Kenya’s National Treasury plans to raise Ksh 50 billion in March with the sale of reopened five-year (FXD1/2021/05), 15-year (FXD1/2020/15) and 25-year bonds (FXD1/2021/25) for budgetary support.
The FXD1/2021/05 with 4.7 years maturity has a fixed interest rate or coupon of 11.277 per cent while FXD1/2020/15 with 12.9 years to redemption has a fixed rate of 12.756 per cent.
The longest-dated FXD1/2021/25 with 24.2 years to maturity has a coupon of 13.924 per cent.
Investors will need a minimum of KSh50,000 to bid for one of the bonds. The sale period closes on March 8.
“The Central Bank will rediscount the bonds as a last resort at 3 per cent above the prevailing market yield or coupon rate whichever is higher, upon written confirmation to do so from the Nairobi Securities Exchange,” the CBK said in the prospectus.
The February infrastructure bond targeted to raise KSh75 billion but received bids of KSh132.26 billion. The CBK took KSh106.75 billion at fixed interest rates of 12.96 per cent.
“Government debt continues to present a compelling investment case for both “Buy and hold” or active bond trading strategies considering subdued equity prices,
rising inflationary and limited low risk high yielding investment options available,” according to Sterling Capital Limited Analysts.

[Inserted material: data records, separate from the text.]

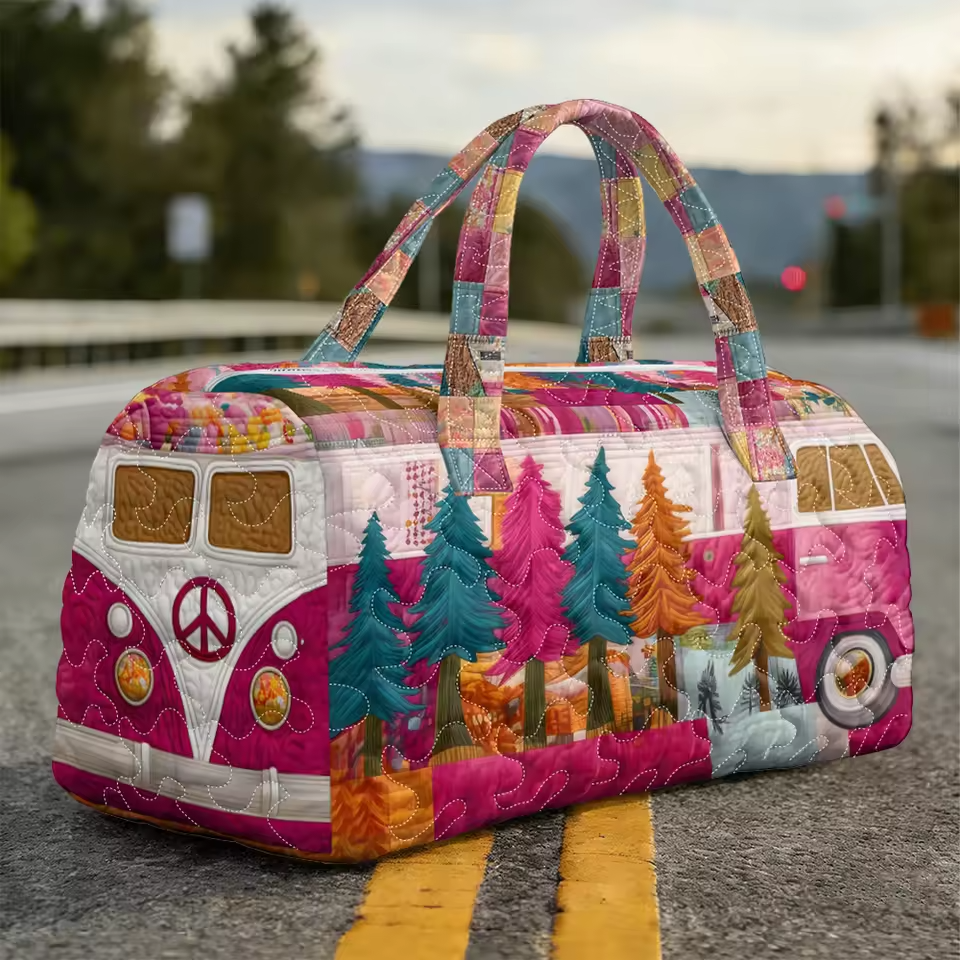 Quilted travel tote with multicolor patchwork houses, trees, and peace symbol on front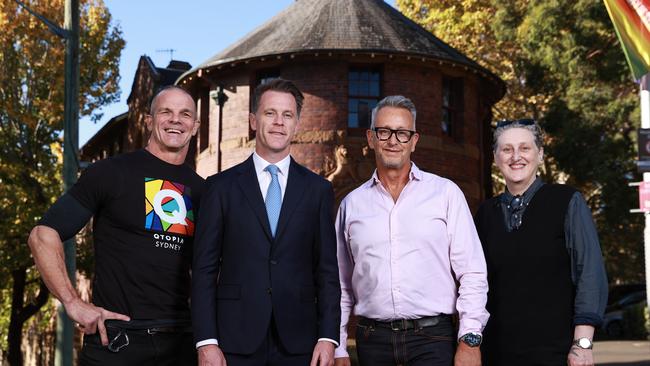 Qtopia supporters Ian Roberts, Premier Chris Minns, Greg Fisher and Dr Liz Bradshaw, outside the old Darlinghurst Police Station, which is the new home for Qtopia Sydney.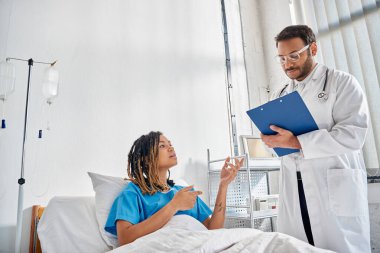 Genç Hintli doktor, Afro-Amerikan hastasına bakıyor. Hastane koğuşunda yatıyor.
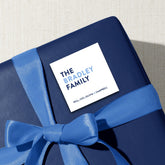 A blue gift box with a blue ribbon tied around it, featuring a white label with the text "THE BRADLEY FAMILY WILL CECIL OLIVIA & CAMBRELL" printed on it.
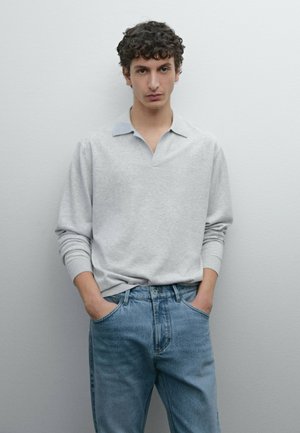 Lichtgrijze lange mouwen polo met een notch kraag en blauwe accenten, gecombineerd met lichtblauwe spijkerbroek. Gladde stof met een comfortabele pasvorm.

“We expect investors to prefer the longer-dated paper, FXD1/2021/25, in search of higher yields.
The bonds are currently trading in the secondary market at yields of 11.6%, 13.0% and 13.7%, for FXD1/2021/05, FXD1/2020/15 and FXD1/2021/25, respectively, and as such, our recommended bidding range for the three bonds is 11.4%-11.8% for FXD1/2021/05, 12.8%-13.2% for FXD1/2020/15 and 13.5%-13.9% for FXD1/2021/25 within which range bonds of a similar tenor are trading at,” According to Cytonn Investment Analysis.